Collected data.
========

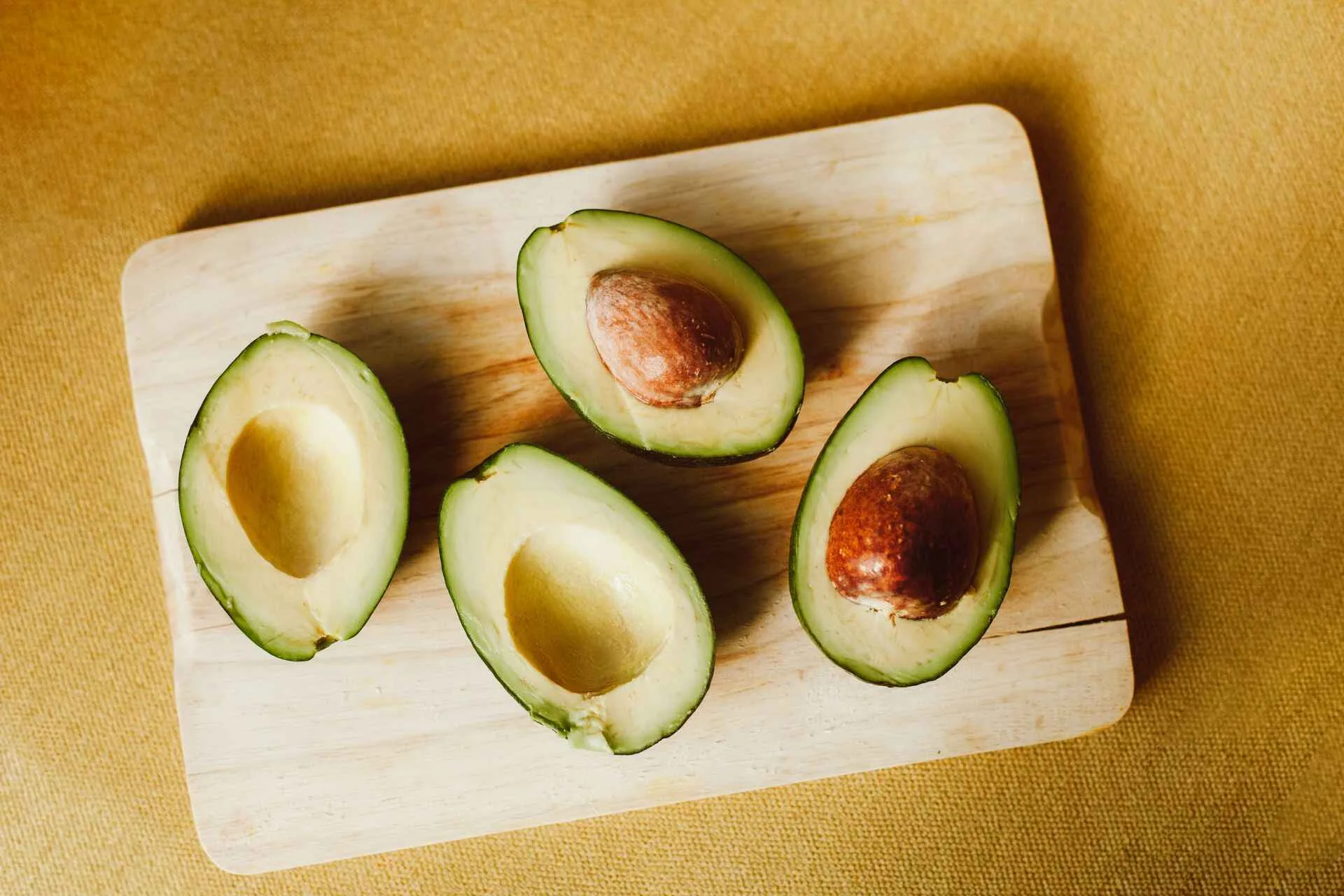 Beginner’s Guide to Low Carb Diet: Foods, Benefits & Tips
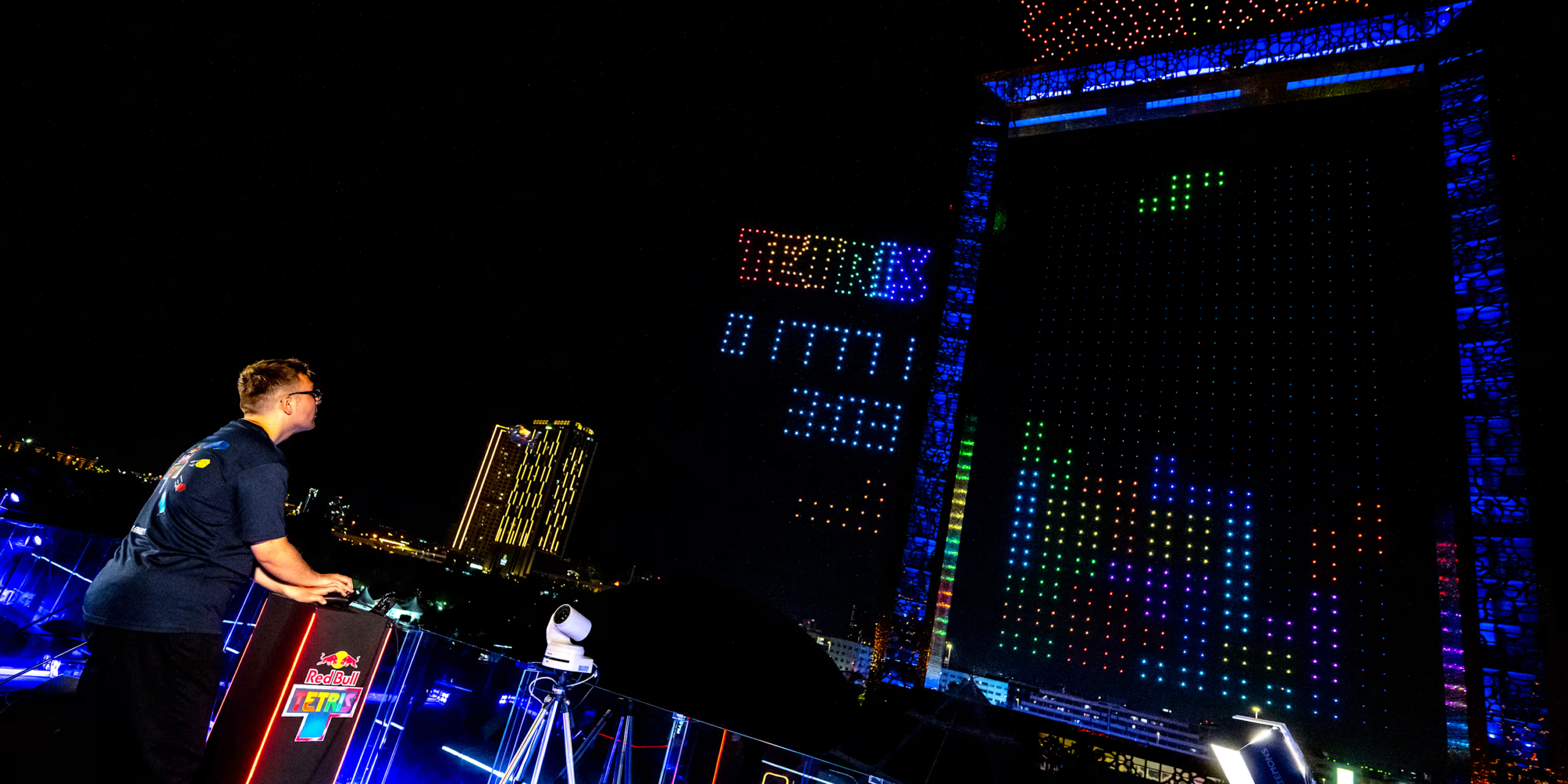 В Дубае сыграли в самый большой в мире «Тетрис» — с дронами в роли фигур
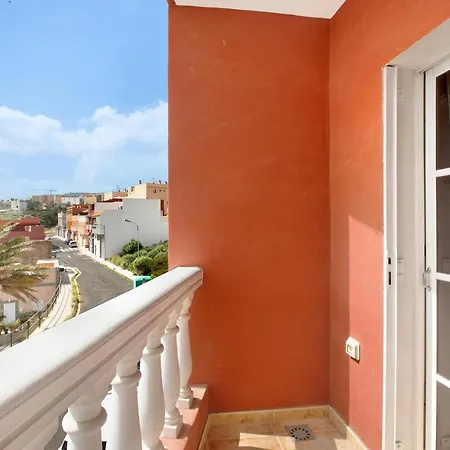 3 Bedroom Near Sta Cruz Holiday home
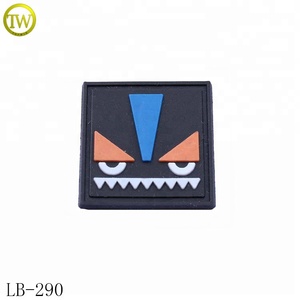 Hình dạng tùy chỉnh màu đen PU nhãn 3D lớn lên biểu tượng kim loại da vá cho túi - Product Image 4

========

Your goal. What the answer needs is every line from the one with "В Дубае сыграли" through the last line of the data, reproduced word for word and with pictures omitted.

Response to this exercise.
 В Дубае сыграли в самый большой в мире «Тетрис» — с дронами в роли фигур
 3 Bedroom Near Sta Cruz Holiday home
 Hình dạng tùy chỉnh màu đen PU nhãn 3D lớn lên biểu tượng kim loại da vá cho túi - Product Image 4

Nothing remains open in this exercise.